Türkiye’de orman yangınlarının büyük bir bölümüne her ne kadar insanlar bilerek veya bilmeyerek neden oluyorsa da, bu yangınların gelişerek yayılmasını meteorolojik şartlar kontrol etmektedir.

Böylece ülkemizin büyük bir bölümünün yazları sıcak ve kurak bir iklim kuşağında yer alması nedeniyle ormanlarımız yılın sıcak döneminde büyük yangın tehlikesi altındadır.

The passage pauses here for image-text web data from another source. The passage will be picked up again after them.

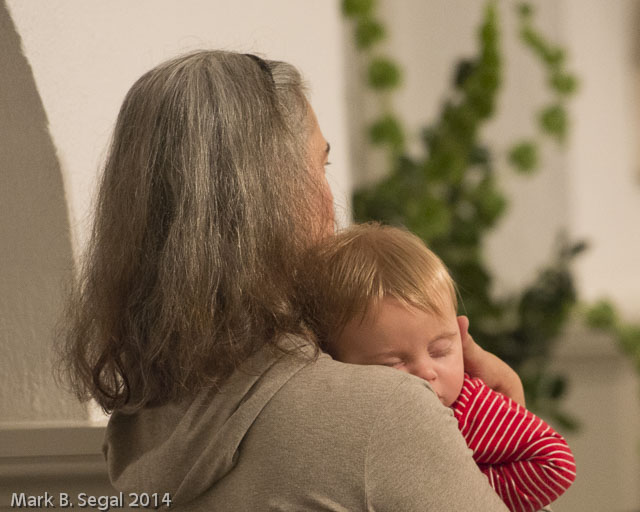 Aperture priority to make the background soft as this baby enjoyed the Christmas concert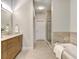 Modern bathroom with a soaking tub, glass shower, and wood cabinets at 319 E 16Th St # 202, Indianapolis, IN 46202
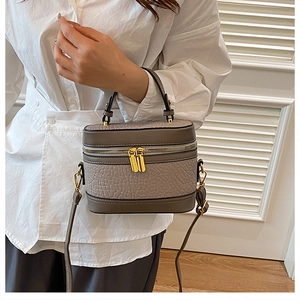 Detail of grey-brown ostrich pattern leather box bag with gold-tone hardware on white shirt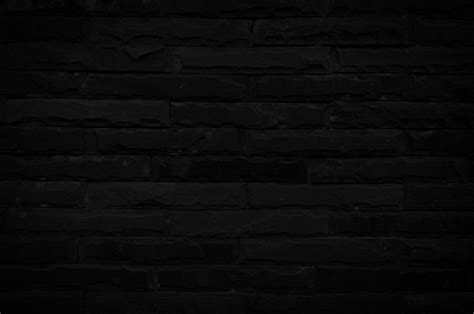 Old black brick wall texture for background with copy space for design ...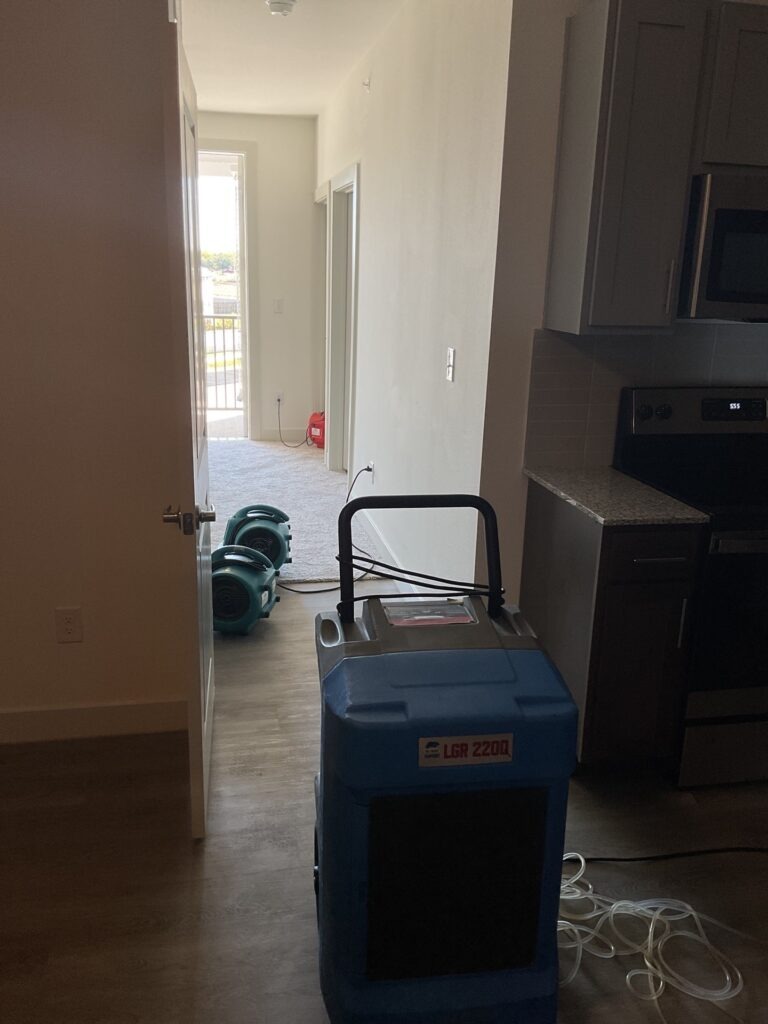 Dehumidifier and air movers set up in an apartment hallway for water mitigation drying in Waxahachie, TX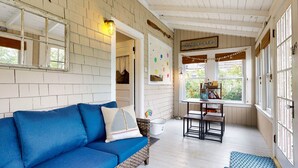 A cozy room with a blue sofa, a small table, and a window with a view of greenery. - Beachwood Cottage by Bayley Vacation Rentals (Scarborough)
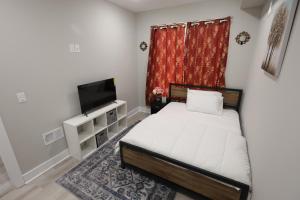 um quarto com uma cama e uma televisão de ecrã plano em The Close Temple University em Filadélfia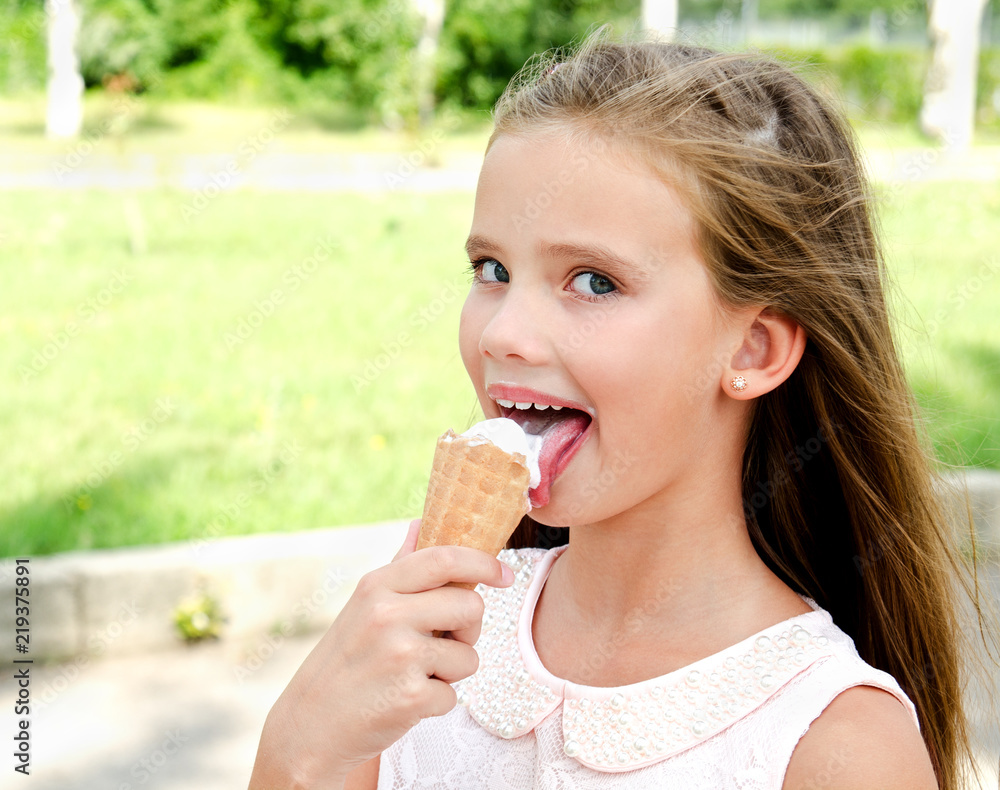 Cute happy smiling little girl child eating an ice cream outdoor Cute happy smiling little girl child eating an ice cream outdoor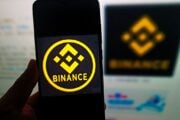 Un utente consulta il sito web di Binance al computer e il logo della piattaforma sullo smartphone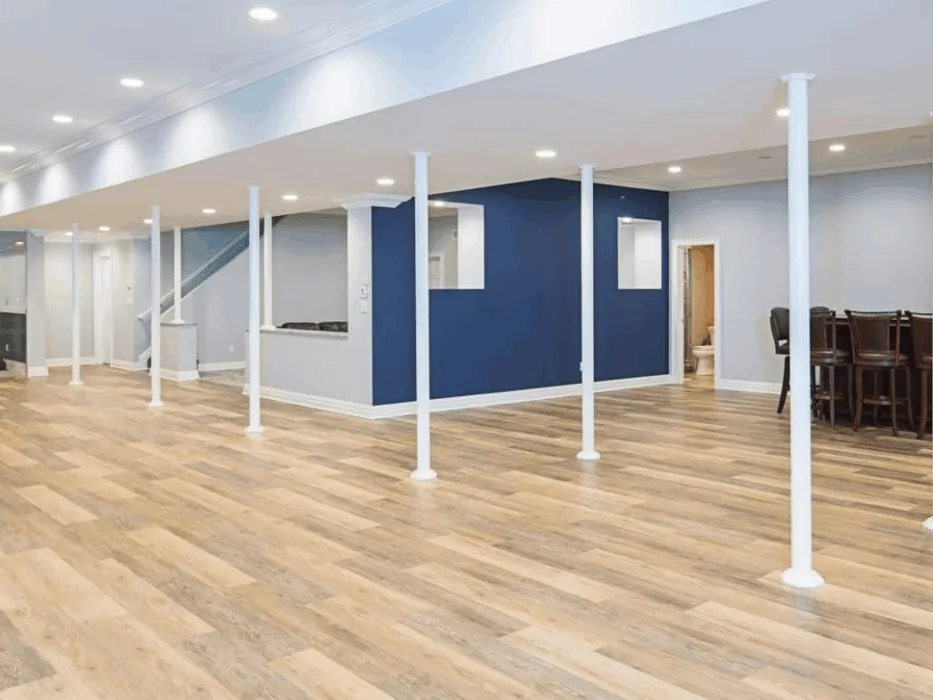 A basement with hardwood floors and blue walls.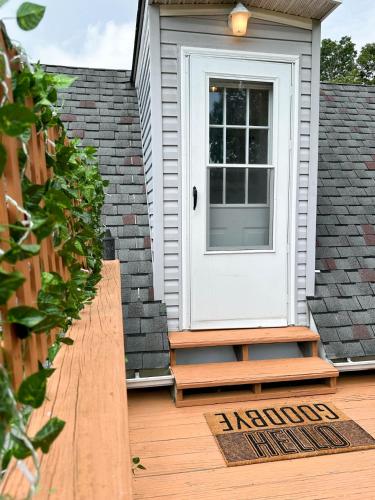 a white door on a house with a wooden deck at Dreamy Boho Remodeled Cottage with Mountain Views in Sparta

Özellikle Akdeniz, Ege ve Marmara bölgelerimizin kıyılarındaki ormanlarımızda, yaz aylarında günde ortalama 20-30 orman ve fundalık yangını meydana gelebilmektedir. Yangın sayısının %46’sı ve yanan alanın % 83’ü Temmuz ve Ağustos aylarını kaplamaktadır. Bu aylar içerisinde Temmuz ayı çıkan yangın sayısı bakımından Ağustos ayına nazaran az olmasına karşın yanan alan bakımından % 55’lik kısmı daha yoğun bir aydır.

Orman yangınları ile mücadelede erken müdahale de esastır. Bunun için, güvenilir ve uzun vadeli özel hava tahminleri ile değişik bölgelerdeki yangın söndürme ekiplerinin, özel meteorolojik indeksler ile belirlenecek olan, yangın potansiyeli ve olasılığının yüksek olduğu yerlere önceden gönderilebilmesi ve bazı önlemlerin alınması yoluna gidilmektedir. Böylece, OGM’nin son yıllarda erken uyarı ve müdahale çalışmalarına önem vermesiyle birlikte yangın başına düşen saha miktarının uzun yıllar ortalaması 18.29 hektar iken, 2001-2010 yıllarında yangın başına isabet eden kayıp saha ortalaması yaklaşık 4.3 kat azalarak 4.24 hektara kadar inmiştir.

Ülkemizdeki yangınların %83.3’ü Haziran - Ekim ayları arasında meydana gelmekte, ayrıca çıkan yangınların %32 gibi önemli bir kısmı 12:00 – 15:00 saatleri arasında yani yakıt nem kapsamının en düşük olduğu dönemde meydana gelmektedir. Ayrıca orman yangınların en az yarısı ihmal ve dikkatsizlikten kaynaklanmaktadır. Bu durumda en çok yangın görülen illerdeki orman yangınlarının kontrol altına alınması ve ihmal-dikkatsizliğe yönelik yoğun bilinçlendirme eğitimleri ile ülkemizdeki orman yangınları riskinin yarı yarıya azaltabilecektir.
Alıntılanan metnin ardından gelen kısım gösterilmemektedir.